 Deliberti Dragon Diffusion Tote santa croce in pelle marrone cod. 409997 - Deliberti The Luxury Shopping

+ + + + + + +

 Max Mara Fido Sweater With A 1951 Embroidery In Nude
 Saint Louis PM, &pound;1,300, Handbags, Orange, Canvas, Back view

+ + + + + + +

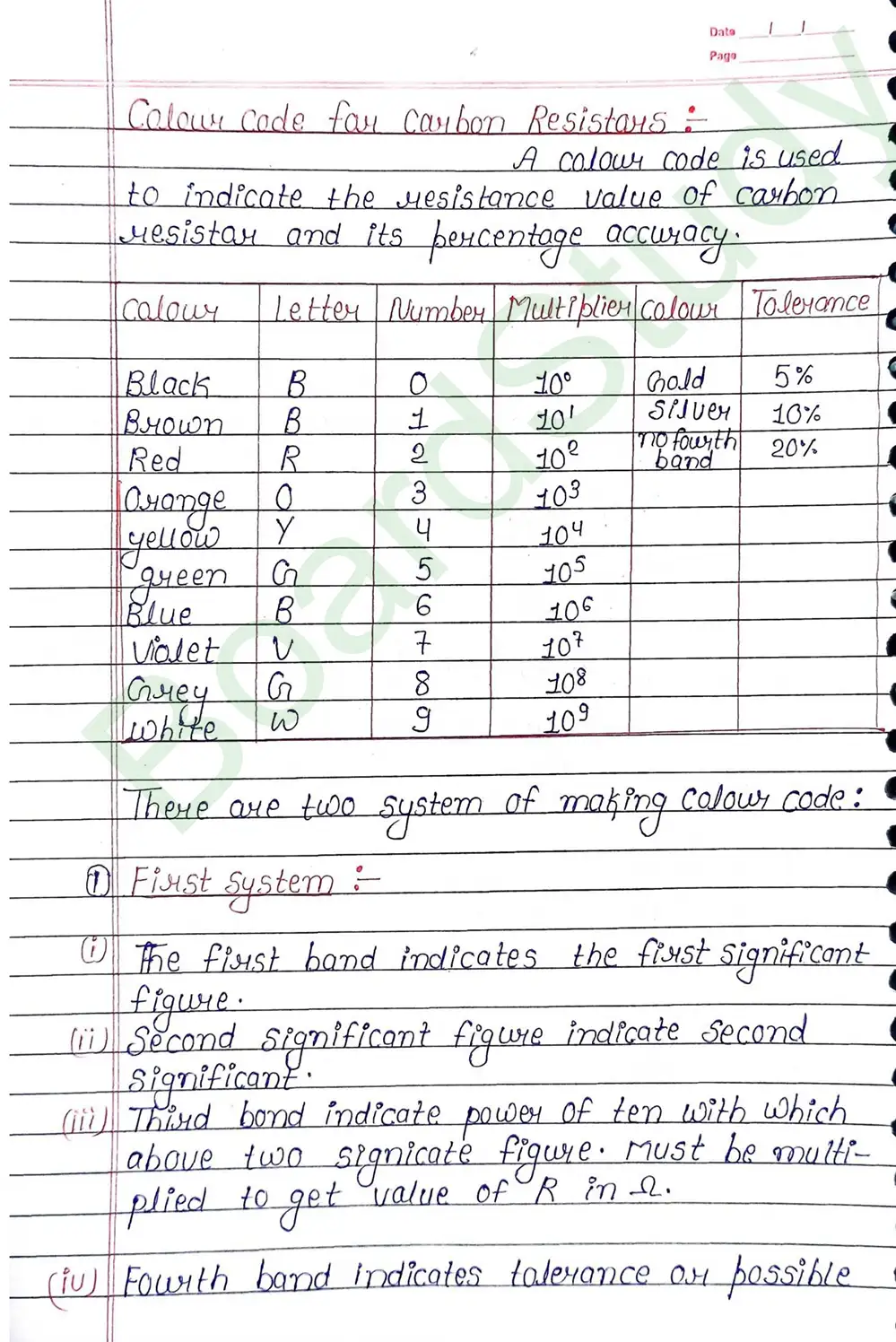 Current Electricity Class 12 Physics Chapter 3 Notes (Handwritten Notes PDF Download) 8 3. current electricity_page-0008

+ + + + + + +

Exercise:
Restate word for word the entries above from the line with "Max Mara Fido" through the line with "Saint Louis PM, &pound;1,300, Handbags, Orange, Canvas, Back", inclusive, leaving out everything else.

Exercise solution:
 Max Mara Fido Sweater With A 1951 Embroidery In Nude
 Saint Louis PM, &pound;1,300, Handbags, Orange, Canvas, Back view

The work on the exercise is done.